Stored records

════════════════════

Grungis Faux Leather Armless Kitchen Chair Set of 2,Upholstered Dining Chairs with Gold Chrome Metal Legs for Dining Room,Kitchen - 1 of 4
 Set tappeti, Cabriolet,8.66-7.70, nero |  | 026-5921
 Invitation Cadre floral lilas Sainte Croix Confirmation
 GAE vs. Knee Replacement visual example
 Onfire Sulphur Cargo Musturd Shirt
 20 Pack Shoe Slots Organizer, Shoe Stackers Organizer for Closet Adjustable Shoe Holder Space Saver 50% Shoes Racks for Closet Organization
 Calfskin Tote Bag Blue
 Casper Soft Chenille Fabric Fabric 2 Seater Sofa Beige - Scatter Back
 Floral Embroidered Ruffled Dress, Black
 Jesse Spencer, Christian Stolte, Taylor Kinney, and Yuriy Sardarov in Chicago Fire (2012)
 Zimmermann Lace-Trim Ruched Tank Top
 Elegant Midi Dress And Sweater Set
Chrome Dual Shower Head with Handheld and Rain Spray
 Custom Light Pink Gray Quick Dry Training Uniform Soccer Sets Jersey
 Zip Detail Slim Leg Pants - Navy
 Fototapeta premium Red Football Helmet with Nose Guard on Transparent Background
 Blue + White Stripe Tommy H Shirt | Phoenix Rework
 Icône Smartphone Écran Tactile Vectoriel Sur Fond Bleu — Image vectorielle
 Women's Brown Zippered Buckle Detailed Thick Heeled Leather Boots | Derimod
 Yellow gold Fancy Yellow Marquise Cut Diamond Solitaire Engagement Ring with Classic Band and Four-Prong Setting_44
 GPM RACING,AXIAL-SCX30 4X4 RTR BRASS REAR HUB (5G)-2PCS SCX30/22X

════════════════════

**PROBLEM**
Both the line containing "Blue + White" and the line containing "Yellow gold Fancy" belong in the answer. Print them and every line above that falls between them exactly, and no others.

**EXERCISE ANSWER**
 Blue + White Stripe Tommy H Shirt | Phoenix Rework
 Icône Smartphone Écran Tactile Vectoriel Sur Fond Bleu — Image vectorielle
 Women's Brown Zippered Buckle Detailed Thick Heeled Leather Boots | Derimod
 Yellow gold Fancy Yellow Marquise Cut Diamond Solitaire Engagement Ring with Classic Band and Four-Prong Setting_44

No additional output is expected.